This book explores emerging research and pedagogy in analytics and data science that have become core to many businesses as they work to derive value from data. The chapters examine the role of analytics and data science to create, spread, develop and utilize analytics applications for practice. Selected chapters provide a good balance between discussing research advances and pedagogical tools in key topic areas in analytics and data science in a systematic manner. This book also focuses on several business applications of these emerging technologies in decision making, i.e., business analytics. The chapters in Analytics and Data Science: Advances in Research and Pedagogy are written by leading academics and practitioners that participated at the Business Analytics Congress 2015.

Applications of analytics and data science technologies in various domains are still evolving. For instance, the explosive growth in big data and social media analytics requires examination of the impact of these technologies and applications on business and society. As organizations in various sectors formulate their IT strategies and investments, it is imperative to understand how various analytics and data science approaches contribute to the improvements in organizational information processing and decision making. Recent advances in computational capacities coupled by improvements in areas such as data warehousing, big data, analytics, semantics, predictive and descriptive analytics, visualization, and real-time analytics have particularly strong implications on the growth of analytics and data science.

Table of Contents

Frontmatter
Chapter 1. Exploring the Analytics Frontiers Through Research and Pedagogy
Abstract
The 2015 Business Analytics Congress (BAC) brought together academic professionals and industry representatives who share a common passion for research and education innovation in the field of analytics. This event was organized by the Association for Information System’s (AIS) Special Interest Group on Decision Support and Analytics (SIGDSA) and Teradata University Network (TUN) and held in conjunction with the International Conference on Information Systems (ICIS 2015) in Ft. Worth, Texas from December 12 to 16, 2015. The theme of BAC 2015 was Exploring the Analytics Frontier and was kept in alignment with the ICIS 2015 theme of Exploring the Information Frontier. In the spirit of open innovation, the goal of BAC 2015 was for the attendees to contribute their scientific and pedagogical contributions to the field of business analytics while brainstorming with the key industry and academic leaders for understanding latest innovation in business analytics as well as bridge industry-academic gap. This volume in the Annals of Information Systems reports the work originally reviewed for BAC 2015 and subsequently revised as chapters for this book.

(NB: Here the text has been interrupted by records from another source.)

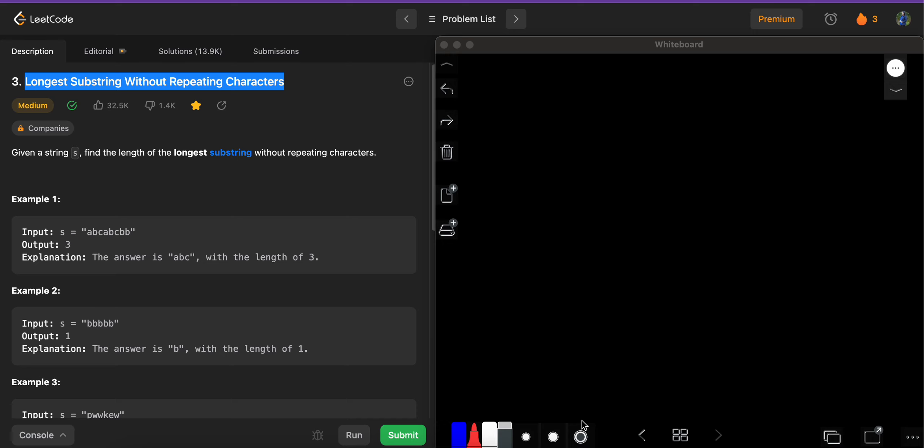Hi guys, so today we will be solving another problem called 'Longest Substring Without Repeating Characters.' The question says that we have been given a string s and we have to find the length of the longest substring without repeating characters. Let's see it with an example.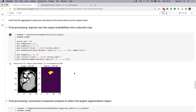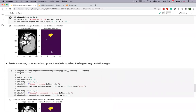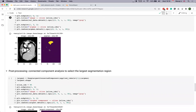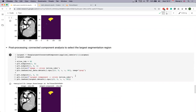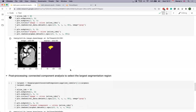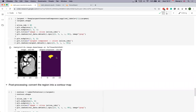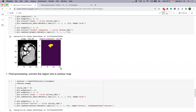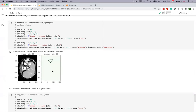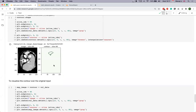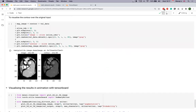We also demonstrate a few post-processing transforms to remove noisy segmentation results. Because the model was only trained for 30 epochs rather than the ideal 600, it produces imperfect segmentations. We use connected component analysis — one of the transforms in MONAI — to identify the major region, and can also detect contours to show boundary regions. These can be visualized together with the original image.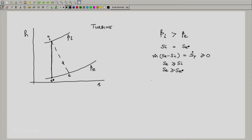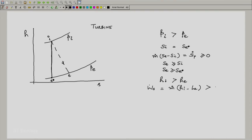In this case, the inlet enthalpy is higher than the exit enthalpy, so Hi is greater than He, which means W-dot-S equals m-dot times (Hi minus He) is a positive quantity. This is what we expect from a turbine — we are extracting work out of it; the system does work on the surroundings.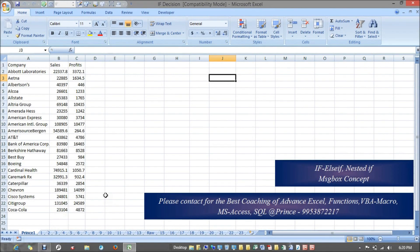Hi guys, my name is Prince and today we are going to learn if, else if, nested if, and message box concepts in VBA. If is just like taking decisions — if I could do some certain tasks. Like if I have a specific condition: if this condition is met then I need to do this thing, otherwise do this thing. You might have learned if functions in Excel; in VBA it has the same kinds of concepts.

Amit V. Deokar, Ashish Gupta, Lakshmi S. Iyer, Mary C. Jones
Chapter 2. Introduction: Research and Research-in-Progress
Abstract
Inspired by the theme “Exploring the Information Frontier” of the ICIS 2015 conference, the Pre-ICIS Business Analytics Congress workshop sought forward-thinking research in the areas of data science, business intelligence, analytics, and decision support with a special focus on the state of business analytics from the perspectives of organizations, faculty, and students. The research track aimed to promote comprehensive research or research-in-progress on the role of business intelligence and analytics in the creation, spread, and use of information. This work has been summarized in this chapter.

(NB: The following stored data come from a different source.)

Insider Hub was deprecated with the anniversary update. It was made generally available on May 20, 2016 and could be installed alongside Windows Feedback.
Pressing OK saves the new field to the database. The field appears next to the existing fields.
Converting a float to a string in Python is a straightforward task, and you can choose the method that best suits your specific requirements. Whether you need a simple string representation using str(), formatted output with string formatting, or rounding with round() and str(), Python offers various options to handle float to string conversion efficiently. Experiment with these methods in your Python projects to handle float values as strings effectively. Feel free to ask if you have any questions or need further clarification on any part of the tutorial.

Anna Sidorova, Babita Gupta, Barbara Dinter
Chapter 3. Business Intelligence Capabilities
Abstract
Business intelligence (BI) is emerging as a critical area of expertise for firms’ value proposition. Firms are trying to leverage BI as an inherent capability to create value. Considering an organizational systems view, BI extends beyond a tool or artifact to include a number of capabilities. We draw on IT capabilities and prior research on BI to uncover potential capabilities that BI bestows to an organization. A three category BI capability classification is suggested: BI innovation infrastructure capability, BI process capability and BI integration capability. We discuss the attributes of these three BI capabilities to provide insights into how the capabilities help organizations. This taxonomy will help decision-makers take informed decisions on how to effectively implement BI within their organization to improve performance.
Thiagarajan Ramakrishnan, Jiban Khuntia, Abhishek Kathuria, Terence J. V. Saldanha
Chapter 4. Big Data Capabilities: An Organizational Information Processing Perspective
Abstract
Big data is at the pinnacle of its hype cycle, offering big promise. Everyone wants a piece of the pie, yet not many know how to start and get the most out of their big data initiatives. We suggest that realizing benefits with big data depends on having the right capabilities for the right problems. When there is a discrepancy between these, organizations struggle to make sense of their data. Based on information processing theory, in this research-in-progress we suggest that there needs to be a fit between big data processing requirements and big data processing capabilities, so that organizations can realize value from their big data initiative.
Öykü Isik
Chapter 5. Business Analytics Capabilities and Use: A Value Chain Perspective
Abstract
This paper presents a mapping of the business analytics (BA) capabilities of a firm from a value chain lens similar to Porter’s (Harv Bus Rev 79:62–78, 2001) internet capabilities framework. The generally accepted classification of analytics: descriptive, predictive and prescriptive, is used as basis for mapping BA capabilities. Using an extensive search of the academic and practitioner literature, analytics applications were analyzed and mapped onto the value chain framework. Given the increased interest and investment in BA, it is important to have a good understanding of what analytics capabilities firms use to enhance value through its value chain activities. We illustrate exemplar uses of BA applications, tools and technologies used by firms. Preliminary results suggest that organizations are focusing on application of analytics where the outcome is easily measurable compared to application of analytics in other activities where it is harder to measure a direct value.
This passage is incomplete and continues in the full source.